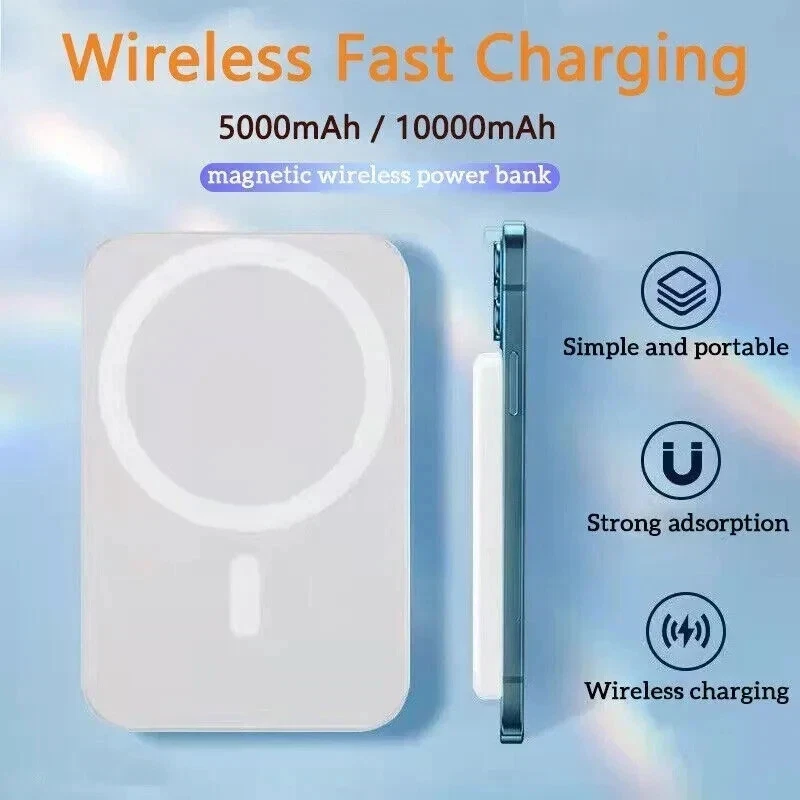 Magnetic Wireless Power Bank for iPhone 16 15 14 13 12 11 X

...

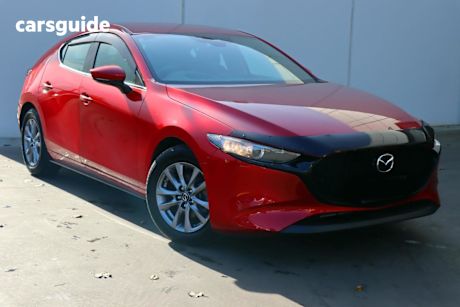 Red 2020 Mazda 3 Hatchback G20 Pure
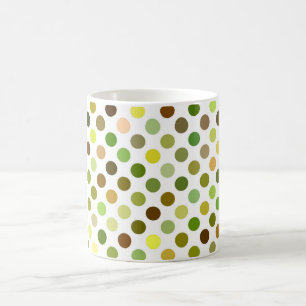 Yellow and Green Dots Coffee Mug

Task: Exact repeat of the material above: every line from the one with "Red 2020 Mazda 3 Hatchback G20 Pure" through the one with "Yellow and Green Dots Coffee Mug", endpoints included, and nothing more. No pictures.

Answer box:
 Red 2020 Mazda 3 Hatchback G20 Pure
 Yellow and Green Dots Coffee Mug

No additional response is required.